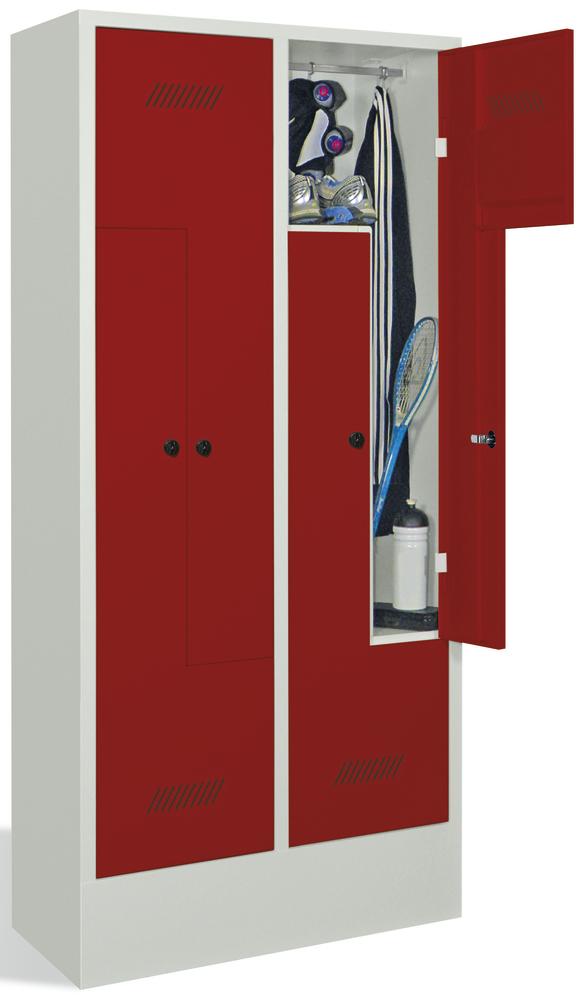 Z-Garderoben Stahlspind BASIC mit Sockel | Rubinrot RAL 3003 | mit Sockel | 4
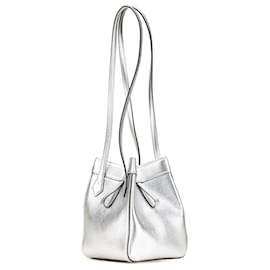 Fendi-Fendi Silver Mini Leather Origami Shoulder Bag-Silvery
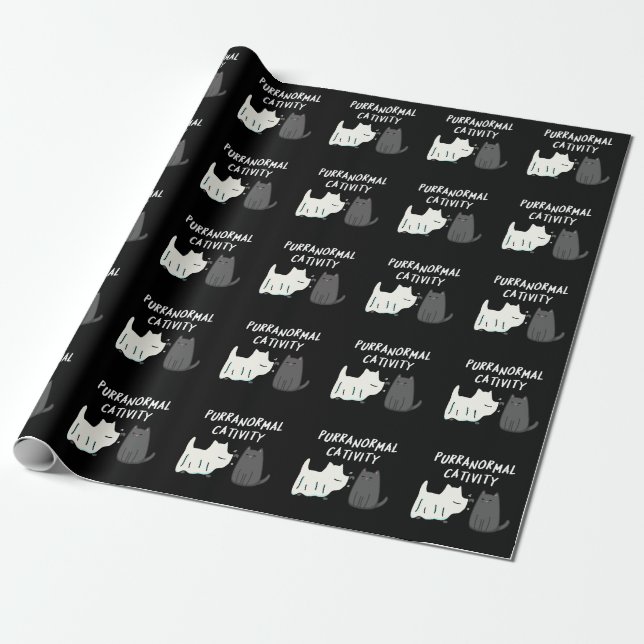 Purranormale Kreativität Halloween Cat Pun Dark BG Geschenkpapier (Ungerollt)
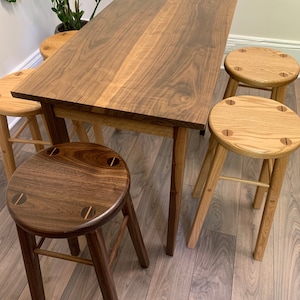 Handmade Barstools.  Handcrafted Solid Hardwood Barstool.  Oak, Walnut, Maple, Cherry, Mahogany, Ash Stools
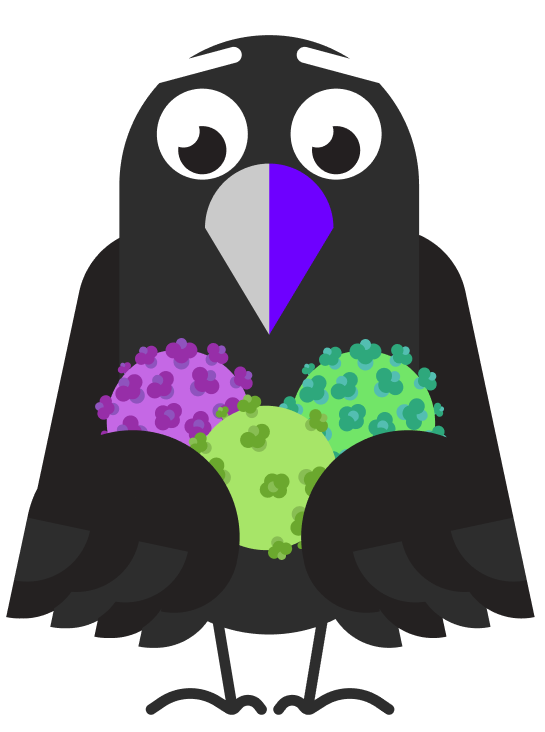 Rigorous Raven is holding 3 colord spheres with a confused look.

===============

WHAT THIS TASK INVOLVES: Exactly as written above, print every record, and keep the pictures out.

THE ANSWER:
 Z-Garderoben Stahlspind BASIC mit Sockel | Rubinrot RAL 3003 | mit Sockel | 4
 Fendi-Fendi Silver Mini Leather Origami Shoulder Bag-Silvery
 Purranormale Kreativität Halloween Cat Pun Dark BG Geschenkpapier (Ungerollt)
 Handmade Barstools.  Handcrafted Solid Hardwood Barstool.  Oak, Walnut, Maple, Cherry, Mahogany, Ash Stools
 Rigorous Raven is holding 3 colord spheres with a confused look.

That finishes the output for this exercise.